- What needs to be done -
Beginning with the line containing "プレジオ弁天町EURO(1LDK/9階)の間取り写真" and ending with the line containing "Kara Zcoin paraları. 3B illüstrasyon", write out each line of the records below exactly; pictures and lines outside that range are left out.

- Source data -
[Start of Attachment]
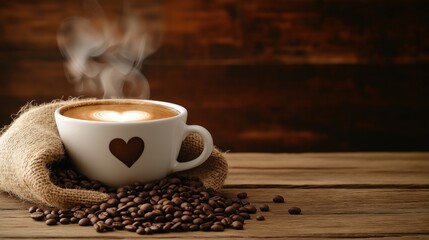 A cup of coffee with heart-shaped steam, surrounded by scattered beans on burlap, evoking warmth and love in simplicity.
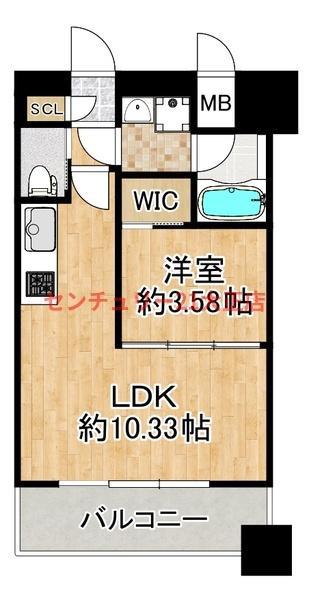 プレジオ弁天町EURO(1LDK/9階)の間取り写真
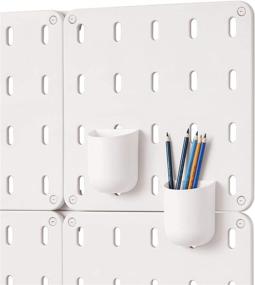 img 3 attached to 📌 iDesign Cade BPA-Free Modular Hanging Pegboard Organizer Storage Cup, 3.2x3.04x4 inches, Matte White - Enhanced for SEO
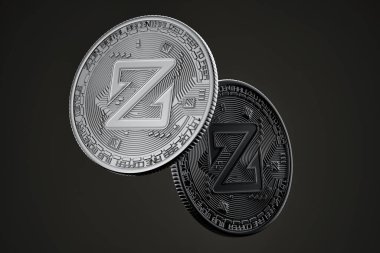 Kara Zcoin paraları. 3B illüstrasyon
[End of Attachment]
[Start of Attachment]
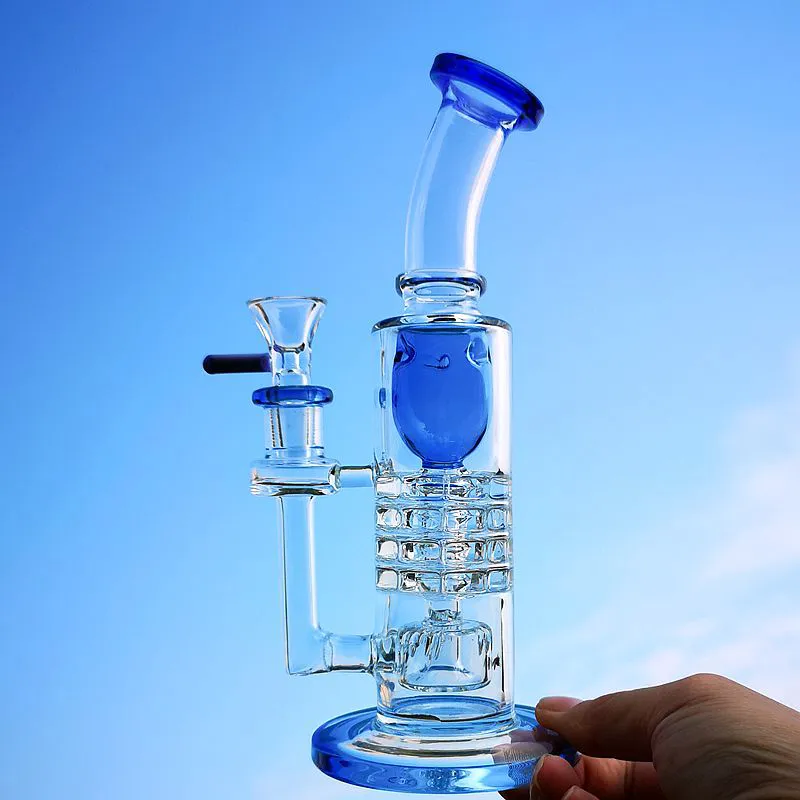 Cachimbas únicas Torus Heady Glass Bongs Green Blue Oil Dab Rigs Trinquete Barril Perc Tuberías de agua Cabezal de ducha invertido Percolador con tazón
[End of Attachment]
- Exercise answer -
 プレジオ弁天町EURO(1LDK/9階)の間取り写真
 img 3 attached to 📌 iDesign Cade BPA-Free Modular Hanging Pegboard Organizer Storage Cup, 3.2x3.04x4 inches, Matte White - Enhanced for SEO
 Kara Zcoin paraları. 3B illüstrasyon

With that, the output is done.